# Duplicate File Finder

This tool scans a directory tree for duplicate files by comparing MD5 hashes.
When duplicates are found, it generates a **review report** that you can edit
before confirming any deletions.

It supports **resume/checkpoint**: if a scan is interrupted, you can pick up
where you left off without re-hashing files that haven't changed.

In [None]:
# --- Configuration ---
# Set these variables before running the scan.

root_dir = '/path/to/scan/'               # Directory to scan (needs trailing slash)
resume = False                             # Set to True to resume a previous scan
report_path = 'duplicate_report.txt'       # Where to write the review report

In [None]:
# --- Scan Filters ---
# Set to a list of extensions to skip (e.g. [".jpg", ".png"]), or None to skip nothing
ignore_extensions = None

# Set to a list of extensions to scan exclusively (e.g. [".pdf"]), or None to scan all
# Note: cannot be used together with ignore_extensions
only_extensions = None

# Maximum file size to scan (files larger than this are skipped), or None for no limit
max_size = None
max_size_unit = "MB"  # "KB", "MB", or "GB"

# Minimum file size to scan (files smaller than this are skipped), or None for no limit
min_size = None
min_size_unit = "KB"  # "KB", "MB", or "GB"

## Scan Filters

- **`ignore_extensions`** — A list of file extensions to skip (e.g. `[".jpg", ".png"]`). Files with these extensions won't be scanned. Set to `None` to skip nothing.
- **`only_extensions`** — A list of file extensions to scan exclusively (e.g. `[".pdf"]`). Only files with these extensions will be scanned. Set to `None` to scan all files.
- **Note:** `ignore_extensions` and `only_extensions` are **mutually exclusive** — setting both will raise an error.
- **`max_size` / `max_size_unit`** — Skip files larger than this size. Set `max_size` to `None` for no upper limit.
- **`min_size` / `min_size_unit`** — Skip files smaller than this size. Set `min_size` to `None` for no lower limit.
- Units can be `"KB"`, `"MB"`, or `"GB"`. Extensions are matched **case-insensitively** (`.JPG` matches `.jpg`).

from src.duplicate_finder import ScanConfig, find_all_duplicate_files

config = ScanConfig(
    root_dir=root_dir,
    resume=resume,
    report_path=report_path,
    ignore_extensions=ignore_extensions,
    only_extensions=only_extensions,
    max_size=max_size,
    max_size_unit=max_size_unit,
    min_size=min_size,
    min_size_unit=min_size_unit,
)
grouped = find_all_duplicate_files(config)
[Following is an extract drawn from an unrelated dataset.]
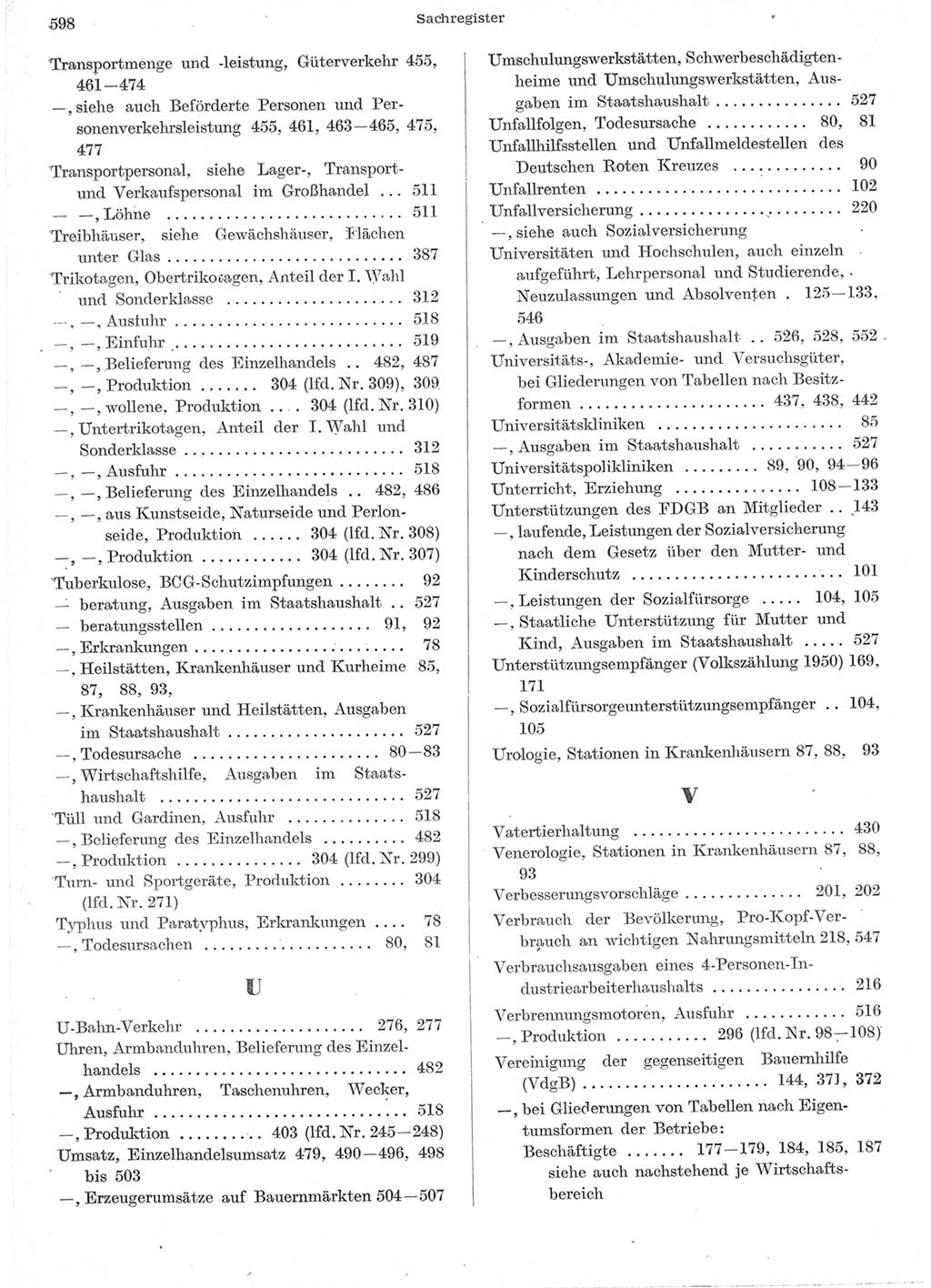 Statistisches Jahrbuch der Deutschen Demokratischen Republik (DDR) 1957, Seite 598 (Stat. Jb. DDR 1957, S. 598)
total_dupes = sum(len(files) for files in grouped.values())
print(f'Scan complete. Found {len(grouped)} duplicate group(s) ({total_dupes} files total).')

In [None]:
from src.duplicate_finder import ScanConfig, find_all_duplicate_files

config = ScanConfig(root_dir=root_dir, resume=resume, report_path=report_path)
grouped = find_all_duplicate_files(config)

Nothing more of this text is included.